Instructions to follow. Starting with the line that contains "Medinilla Magnifica in", repeat each line exactly through the final line of the listing. No picture should appear in the copy.
----- Materials provided -----
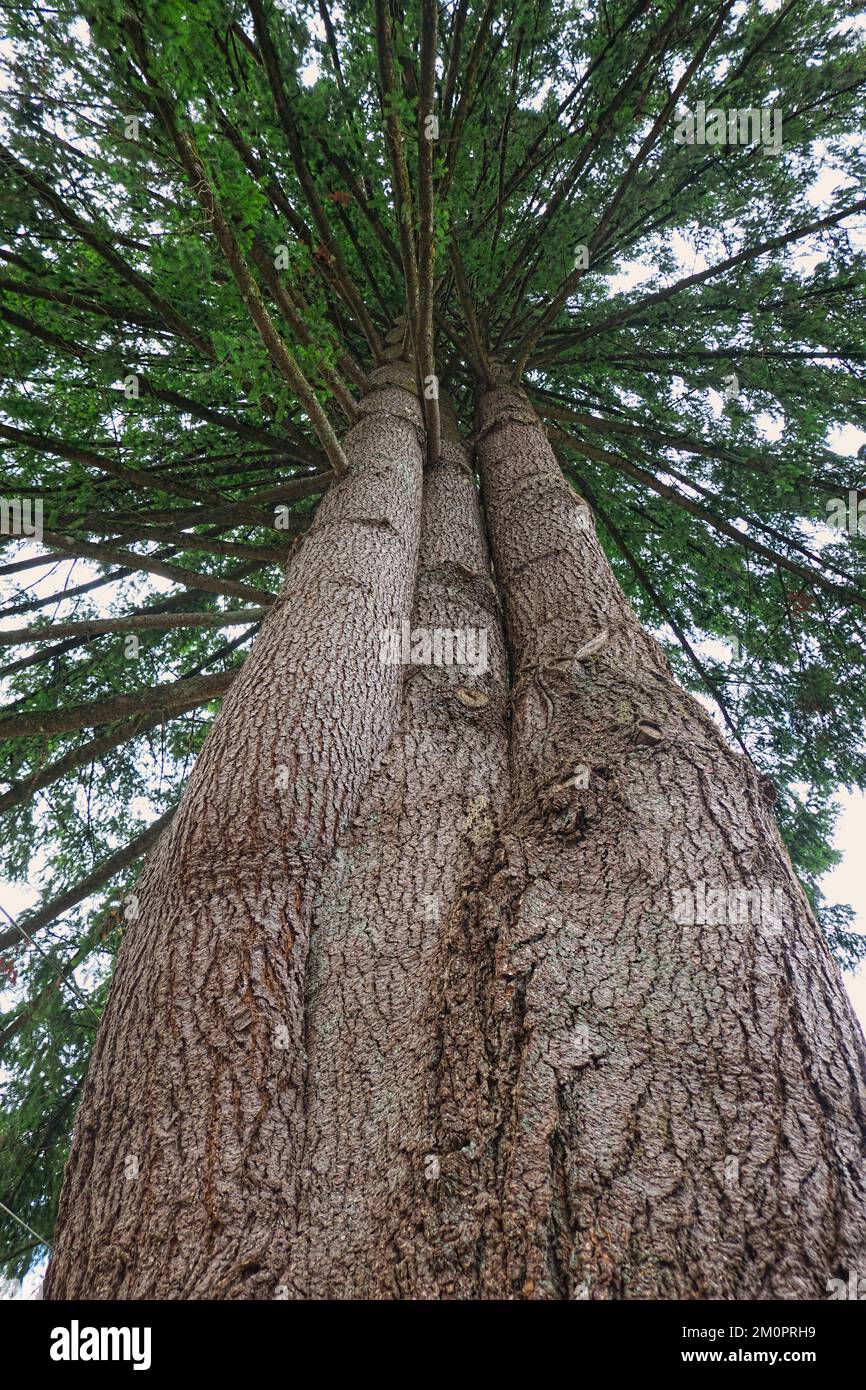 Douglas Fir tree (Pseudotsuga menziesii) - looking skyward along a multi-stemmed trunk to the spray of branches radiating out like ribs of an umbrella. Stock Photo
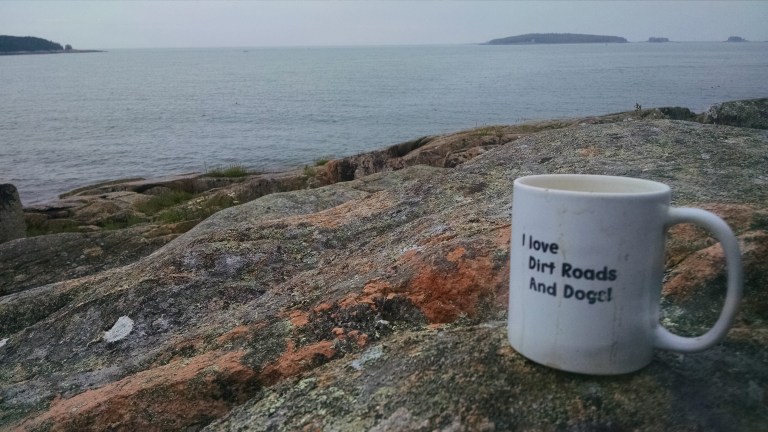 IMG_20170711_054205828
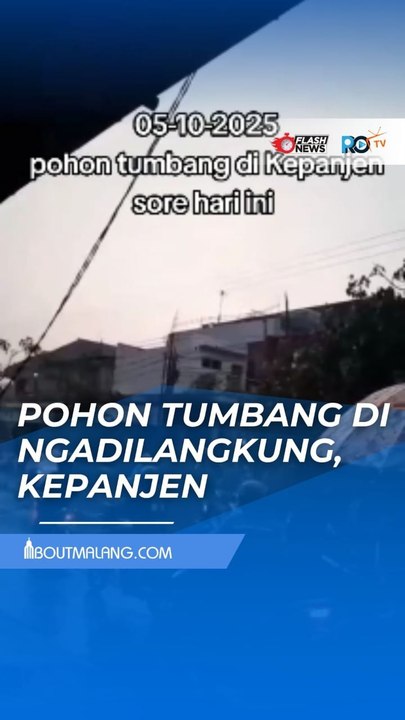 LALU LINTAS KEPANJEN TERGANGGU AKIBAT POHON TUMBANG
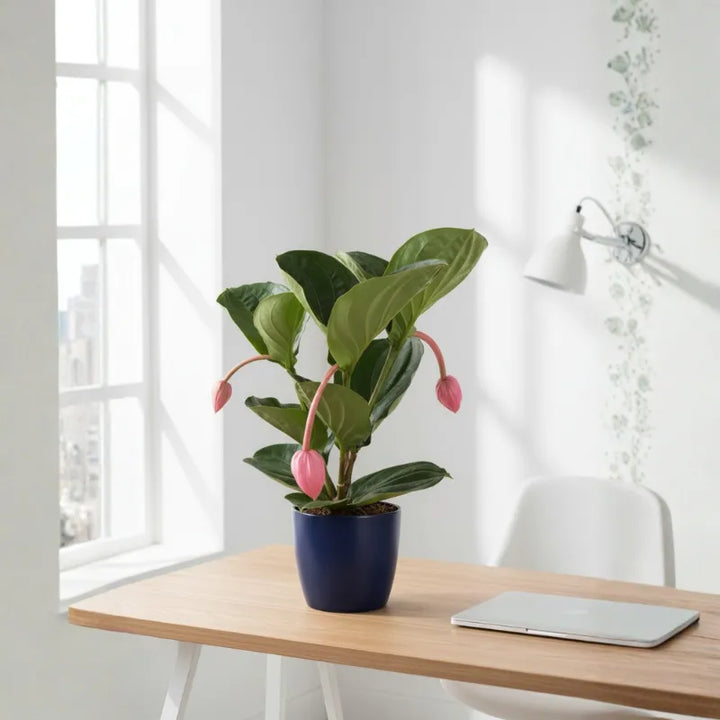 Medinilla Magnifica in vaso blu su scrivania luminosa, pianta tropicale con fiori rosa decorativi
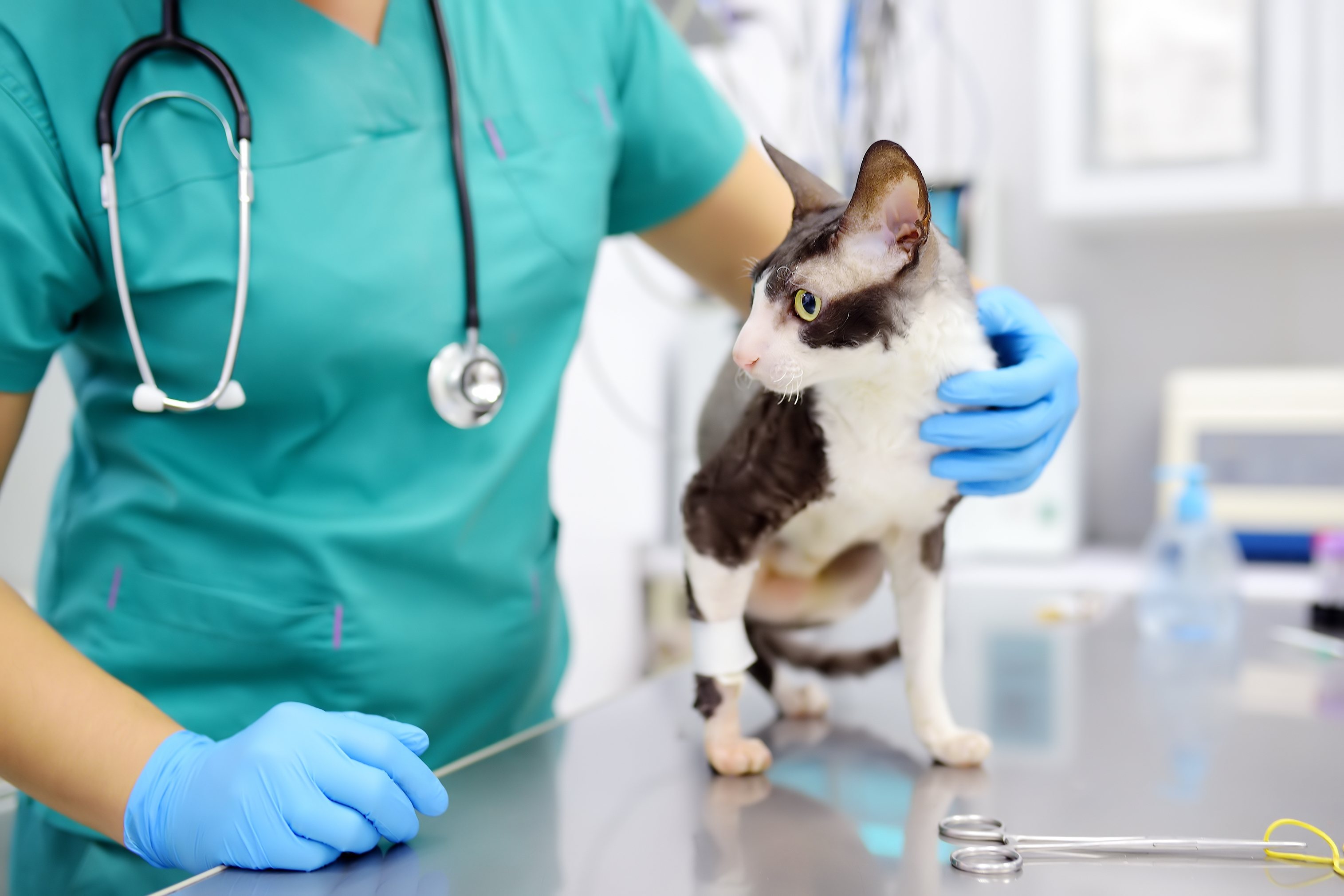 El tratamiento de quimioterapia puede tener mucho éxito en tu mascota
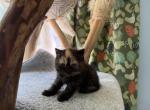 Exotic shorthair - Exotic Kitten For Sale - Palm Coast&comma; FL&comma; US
-----
Response area.
 Medinilla Magnifica in vaso blu su scrivania luminosa, pianta tropicale con fiori rosa decorativi
 El tratamiento de quimioterapia puede tener mucho éxito en tu mascota
 Exotic shorthair - Exotic Kitten For Sale - Palm Coast&comma; FL&comma; US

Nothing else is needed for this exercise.